== Extracted information ==
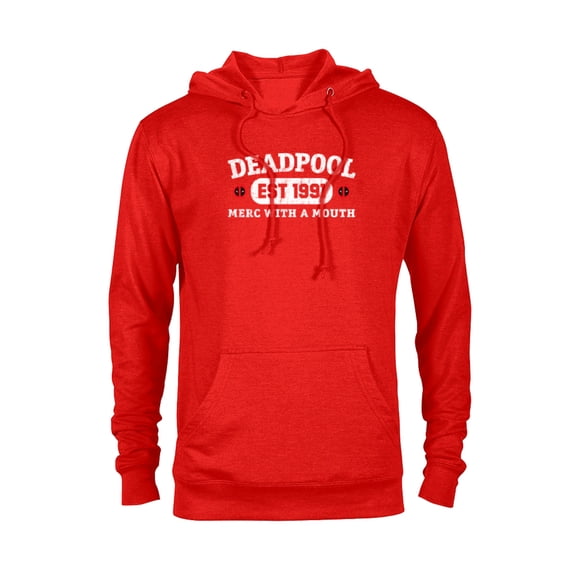 Marvel Deadpool Merc with a Mouth Est 1991 - Pullover Hoodie for Adults - Customized-Red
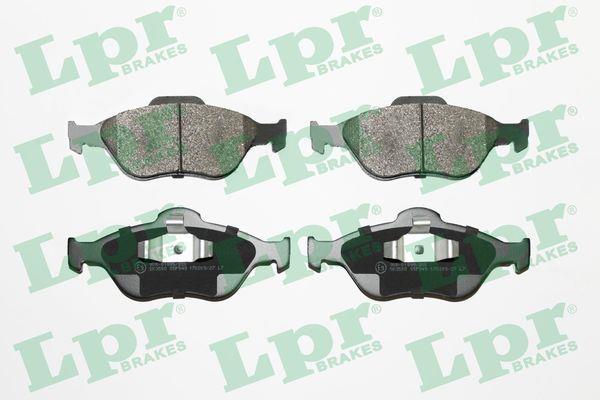 Jeu de 4 plaquettes de frein LPR ref. 05P949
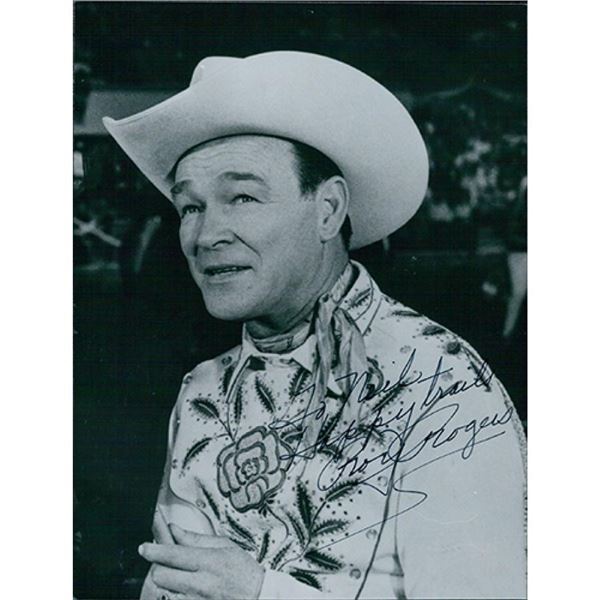 The Roy Rogers Show Roy Rogers Signed 5.5x7.5 Photo JSA Authenticated
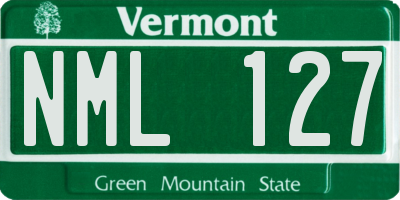 VT license plate NML127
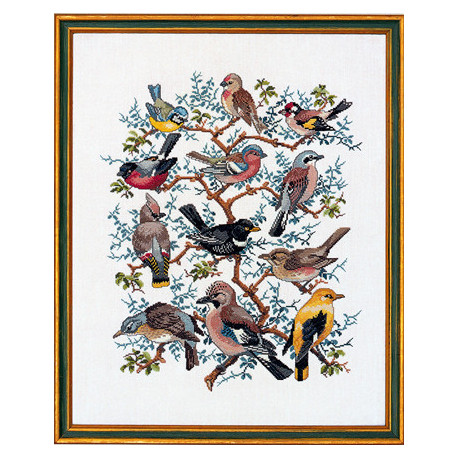 Набор для вышивания Eva Rosenstand Tree with birds 12-266 фото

== What is being asked ==
Every line of the data should be transcribed exactly. Omit the images.

== Response area ==
 Marvel Deadpool Merc with a Mouth Est 1991 - Pullover Hoodie for Adults - Customized-Red
 Jeu de 4 plaquettes de frein LPR ref. 05P949
 The Roy Rogers Show Roy Rogers Signed 5.5x7.5 Photo JSA Authenticated
 VT license plate NML127
 Набор для вышивания Eva Rosenstand Tree with birds 12-266 фото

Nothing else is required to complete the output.